Come ti riduco un'attenta analisi del Paese a un fervorino devoto e vuoto sulla concordia. E' l'impressione che ho provato nello scorrere la rassegna stampa di ieri che riferiva la prolusione del cardinal Ruini - presidente della Conferenza episcopale italiana - ai vescovi riuniti in assemblea generale entro le mura vaticane. Mi limito a evidenziare tre spunti veloci (ma vi sarebbe ben altro da dire). Una premessa. «Non è il caso di cedere ad allarmismi e tanto meno di spingere verso ulteriori radicalizzazioni: il nostro sistema democratico è in realtà assai più solido e sicuro di quel che a volte si vorrebbe far apparire». Ne prendano buona nota gli intellettuali che van gridando al complotto, al regime, alla dittatura e amenità del genere.

  1. Europa senza omologazione di popoli. Era atteso ed è giunto puntuale il richiamo all'impegno di costruire un'Europa che riconosca «il ruolo, passato e presente, del cristianesimo e delle chiese». Con una precisazione, però: «Accanto alle materie che dovranno essere sempre più demandate alla competenza e responsabilità diretta dell'Unione, come quelle della politica estera oltreché della moneta e più in generale degli indirizzi economico-finanziari, ve ne sono altre che sembra assai più opportuno mantenere nella competenza delle singole nazioni, secondo la logica della sussidiarietà». A ciò si aggiunga un appunto sulle questioni che riguardano gli «sviluppi del federalismo» e del «necessario coordinamento tra autorità centrali e periferiche». Siamo lontani da una paura quasi patologica di fronte allo sviluppo di qualche autonomia delle Regioni.
  2. È abbastanza facile intessere discorsi operaistici e pauperistici anche circa i rapporti di lavoro. Basta miscelare un po' di solidarietà in stile profetico. Oltretutto, si guadagna in popolarità. Poi, però, occorre verificare se le aziende riescono a produrre o sono costrette a chiudere. Una ditta di Gallarate deve misurarsi con un'altra di Shangai o di Budapest. E allora? Ruini richiama «un forte senso di giustizia e di solidarietà». Pensa tuttavia indispensabile «una più diffusa consapevolezza della necessità dell'innovazione in un mondo sempre più interdipendente e in rapida evoluzione».
    Ci si confronti sulle cose e sui numeri, non sui proclami, se si vuole il bene dei poveri.

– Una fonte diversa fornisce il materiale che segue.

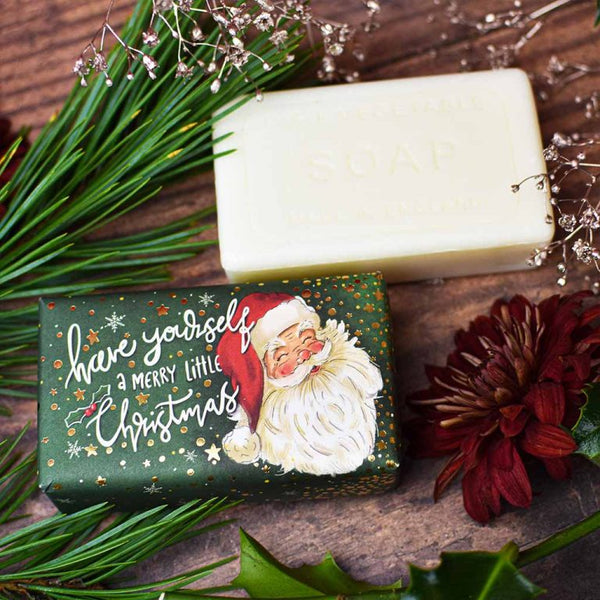 English Soap Company/ ソープ　Christmas Collection【5種】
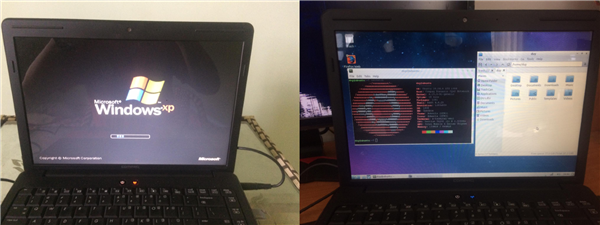 吃灰WinXP老爷机换装Linux发行版后:流畅度大为改观、可再战几年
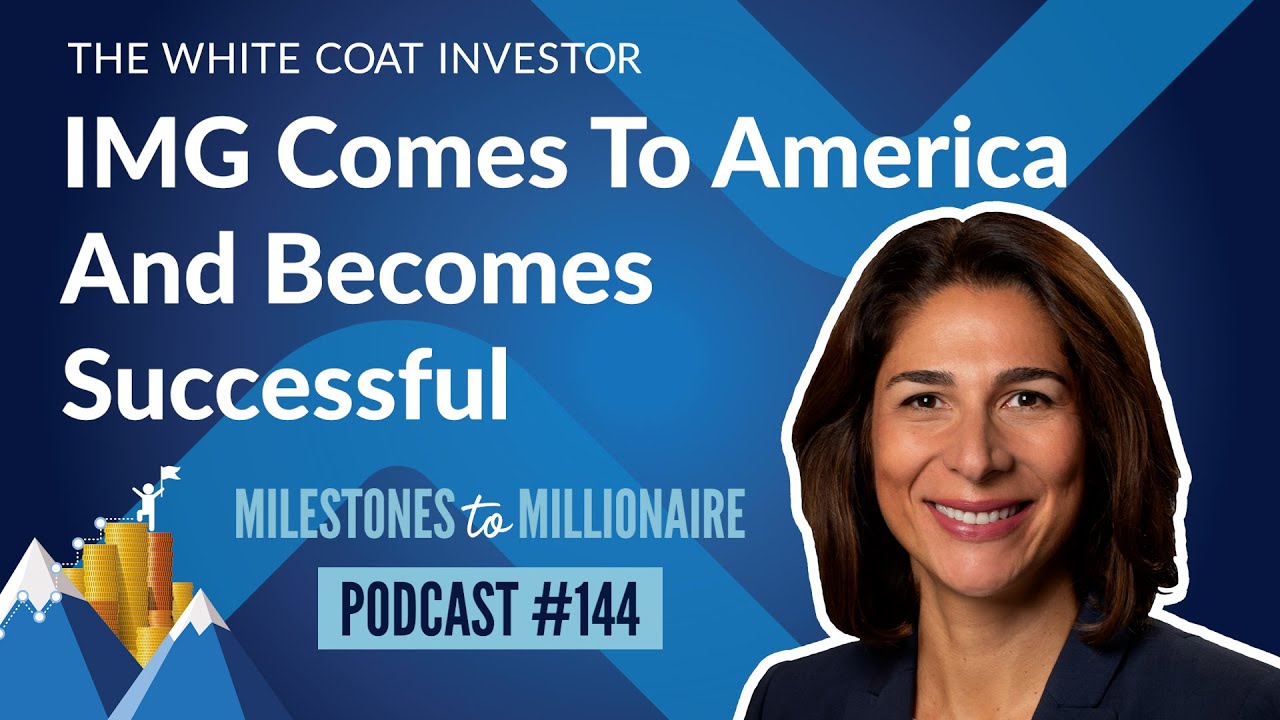 IMG Comes To America & Becomes Financially Successful - MtoM Podcast #144
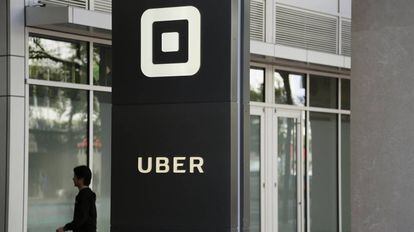 Sede de Uber en San Francisco, California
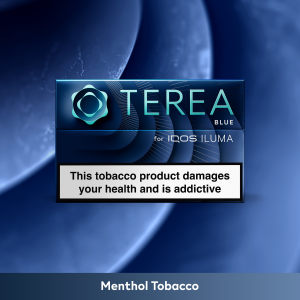 TEREA Blue para IQOS ILUMA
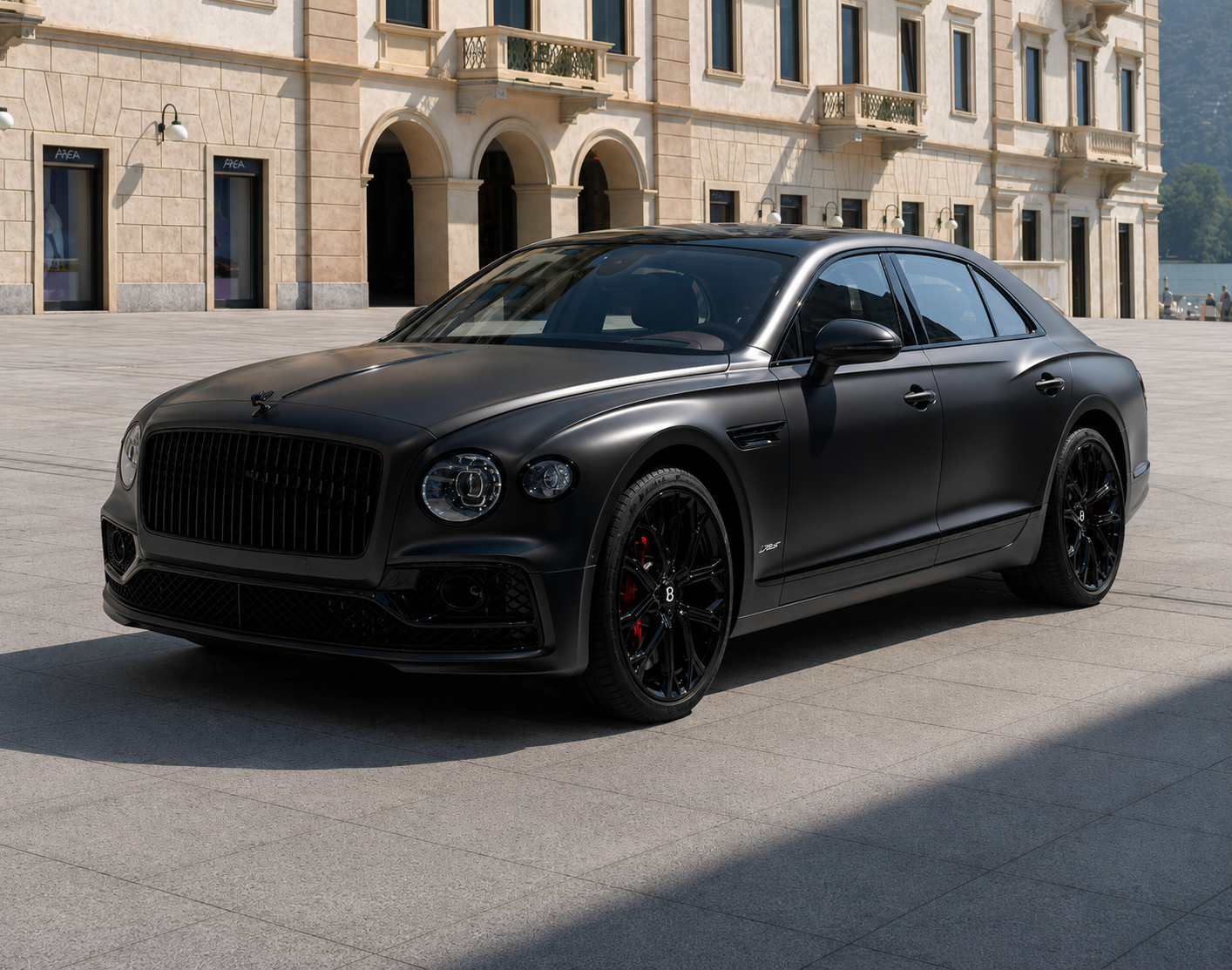 Why the Bentley Flying Spur Is a Proven Value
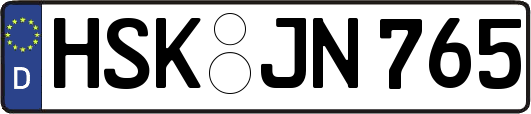 HSK-JN765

  3. Altro appello alla complessità dei problema e alla fatica - alla pazienza e alla chiarezza - quando Ruini parla degli immigrati. Chiede la «tutela della legalità e di una efficace regolazione degli ingressi anche in vista delle effettive possibilità di una dignitosa integrazione nel nostro tessuto sociale e civile». Soggiunge però subito la necessità di «un approccio solidale e rispettoso delle persone degli immigrati, in particolare quando si tratta di veri "rifugiati"». Né tralascia di considerare le esigenze «del nostro apparato produttivo e della nostra stessa popolazione, l'uno e l'altra bisognosi dell'opera degli immigrati». Sembra di udire altri ammonimenti saggi ed equilibrati assai lontani da certo pressappochismo ammantato di Vangelo che quasi invitava a venire in Italia da qualsiasi Paese. L'accoglienza. Già. E l'identità nazionale? Frontiere aperte. Già. E l'ospitalità non può finire per rivelarsi un trucco e una cattiveria? Eccetera. Ricordo i rimbrotti ricevuti quando, anni fa, avevo osato dire un'ovvietà, e cioè che nel nostro Paese non c'è il diritto di invasione passiva.
    Ruini parla pure della famiglia, della crisi demografica, della scuola e così via. Perché mai una sorta di silenzio stampa nei suoi riguardi? Che non sia perché le sue prese di posizione non rientrano pari pari nelle caselle riduttive della vulgata massmediologica prevalente?